Your instructions
Everything in the listing below from the line containing "Nike Juvenate Gr." through the line containing "一応デカいですけどって大丈夫ですかって聞かれました😇‼️" must be repeated exactly; the remaining lines are not wanted.

Dataset records
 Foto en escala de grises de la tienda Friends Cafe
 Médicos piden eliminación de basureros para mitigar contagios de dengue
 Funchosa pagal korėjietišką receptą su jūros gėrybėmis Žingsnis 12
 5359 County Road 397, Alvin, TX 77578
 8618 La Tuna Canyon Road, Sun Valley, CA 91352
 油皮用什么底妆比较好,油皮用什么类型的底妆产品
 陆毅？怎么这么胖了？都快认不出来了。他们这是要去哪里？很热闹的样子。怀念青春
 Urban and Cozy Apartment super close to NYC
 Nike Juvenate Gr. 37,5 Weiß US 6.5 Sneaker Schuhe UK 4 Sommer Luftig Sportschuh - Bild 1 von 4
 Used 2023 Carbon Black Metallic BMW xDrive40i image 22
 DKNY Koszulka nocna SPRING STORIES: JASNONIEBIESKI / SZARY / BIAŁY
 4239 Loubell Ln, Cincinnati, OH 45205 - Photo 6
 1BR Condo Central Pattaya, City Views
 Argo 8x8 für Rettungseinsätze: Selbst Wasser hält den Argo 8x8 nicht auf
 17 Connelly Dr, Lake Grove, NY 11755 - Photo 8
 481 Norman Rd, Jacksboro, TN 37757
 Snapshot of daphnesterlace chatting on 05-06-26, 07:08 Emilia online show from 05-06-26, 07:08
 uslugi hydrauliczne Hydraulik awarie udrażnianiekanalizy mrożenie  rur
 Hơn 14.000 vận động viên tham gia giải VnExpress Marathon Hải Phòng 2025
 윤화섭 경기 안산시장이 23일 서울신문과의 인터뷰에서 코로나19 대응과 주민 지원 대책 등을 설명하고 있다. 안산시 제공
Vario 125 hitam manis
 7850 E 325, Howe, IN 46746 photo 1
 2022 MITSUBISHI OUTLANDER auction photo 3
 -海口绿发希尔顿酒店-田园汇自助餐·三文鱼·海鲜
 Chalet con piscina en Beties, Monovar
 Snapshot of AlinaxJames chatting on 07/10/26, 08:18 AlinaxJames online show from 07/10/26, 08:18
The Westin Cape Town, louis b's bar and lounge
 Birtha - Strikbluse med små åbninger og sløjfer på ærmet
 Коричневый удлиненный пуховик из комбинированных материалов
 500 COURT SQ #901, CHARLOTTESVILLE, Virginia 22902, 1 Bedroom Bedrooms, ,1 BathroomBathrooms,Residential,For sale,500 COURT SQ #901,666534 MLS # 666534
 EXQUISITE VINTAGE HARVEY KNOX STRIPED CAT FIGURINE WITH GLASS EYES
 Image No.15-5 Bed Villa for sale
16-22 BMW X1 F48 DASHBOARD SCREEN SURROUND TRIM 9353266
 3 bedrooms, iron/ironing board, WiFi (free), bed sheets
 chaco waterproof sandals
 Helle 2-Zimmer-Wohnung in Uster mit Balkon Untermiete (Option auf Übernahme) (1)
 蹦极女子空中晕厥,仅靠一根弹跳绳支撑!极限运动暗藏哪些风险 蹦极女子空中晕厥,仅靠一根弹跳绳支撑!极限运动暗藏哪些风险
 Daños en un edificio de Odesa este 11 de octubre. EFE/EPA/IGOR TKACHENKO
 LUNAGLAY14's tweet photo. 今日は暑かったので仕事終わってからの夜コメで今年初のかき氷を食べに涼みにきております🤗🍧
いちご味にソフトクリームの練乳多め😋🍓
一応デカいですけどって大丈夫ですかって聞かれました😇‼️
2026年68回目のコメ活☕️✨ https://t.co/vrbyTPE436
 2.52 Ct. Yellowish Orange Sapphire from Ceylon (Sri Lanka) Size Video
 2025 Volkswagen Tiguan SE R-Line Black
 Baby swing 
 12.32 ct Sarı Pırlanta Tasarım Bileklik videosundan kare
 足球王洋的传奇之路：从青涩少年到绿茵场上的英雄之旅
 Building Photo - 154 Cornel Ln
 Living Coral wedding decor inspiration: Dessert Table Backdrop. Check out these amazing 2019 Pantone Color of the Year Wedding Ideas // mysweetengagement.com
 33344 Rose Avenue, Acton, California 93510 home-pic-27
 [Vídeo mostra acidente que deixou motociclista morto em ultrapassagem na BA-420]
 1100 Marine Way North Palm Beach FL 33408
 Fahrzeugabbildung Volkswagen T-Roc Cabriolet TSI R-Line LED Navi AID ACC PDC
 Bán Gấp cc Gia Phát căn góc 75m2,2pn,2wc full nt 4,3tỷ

Your solution
 Nike Juvenate Gr. 37,5 Weiß US 6.5 Sneaker Schuhe UK 4 Sommer Luftig Sportschuh - Bild 1 von 4
 Used 2023 Carbon Black Metallic BMW xDrive40i image 22
 DKNY Koszulka nocna SPRING STORIES: JASNONIEBIESKI / SZARY / BIAŁY
 4239 Loubell Ln, Cincinnati, OH 45205 - Photo 6
 1BR Condo Central Pattaya, City Views
 Argo 8x8 für Rettungseinsätze: Selbst Wasser hält den Argo 8x8 nicht auf
 17 Connelly Dr, Lake Grove, NY 11755 - Photo 8
 481 Norman Rd, Jacksboro, TN 37757
 Snapshot of daphnesterlace chatting on 05-06-26, 07:08 Emilia online show from 05-06-26, 07:08
 uslugi hydrauliczne Hydraulik awarie udrażnianiekanalizy mrożenie  rur
 Hơn 14.000 vận động viên tham gia giải VnExpress Marathon Hải Phòng 2025
 윤화섭 경기 안산시장이 23일 서울신문과의 인터뷰에서 코로나19 대응과 주민 지원 대책 등을 설명하고 있다. 안산시 제공
Vario 125 hitam manis
 7850 E 325, Howe, IN 46746 photo 1
 2022 MITSUBISHI OUTLANDER auction photo 3
 -海口绿发希尔顿酒店-田园汇自助餐·三文鱼·海鲜
 Chalet con piscina en Beties, Monovar
 Snapshot of AlinaxJames chatting on 07/10/26, 08:18 AlinaxJames online show from 07/10/26, 08:18
The Westin Cape Town, louis b's bar and lounge
 Birtha - Strikbluse med små åbninger og sløjfer på ærmet
 Коричневый удлиненный пуховик из комбинированных материалов
 500 COURT SQ #901, CHARLOTTESVILLE, Virginia 22902, 1 Bedroom Bedrooms, ,1 BathroomBathrooms,Residential,For sale,500 COURT SQ #901,666534 MLS # 666534
 EXQUISITE VINTAGE HARVEY KNOX STRIPED CAT FIGURINE WITH GLASS EYES
 Image No.15-5 Bed Villa for sale
16-22 BMW X1 F48 DASHBOARD SCREEN SURROUND TRIM 9353266
 3 bedrooms, iron/ironing board, WiFi (free), bed sheets
 chaco waterproof sandals
 Helle 2-Zimmer-Wohnung in Uster mit Balkon Untermiete (Option auf Übernahme) (1)
 蹦极女子空中晕厥,仅靠一根弹跳绳支撑!极限运动暗藏哪些风险 蹦极女子空中晕厥,仅靠一根弹跳绳支撑!极限运动暗藏哪些风险
 Daños en un edificio de Odesa este 11 de octubre. EFE/EPA/IGOR TKACHENKO
 LUNAGLAY14's tweet photo. 今日は暑かったので仕事終わってからの夜コメで今年初のかき氷を食べに涼みにきております🤗🍧
いちご味にソフトクリームの練乳多め😋🍓
一応デカいですけどって大丈夫ですかって聞かれました😇‼️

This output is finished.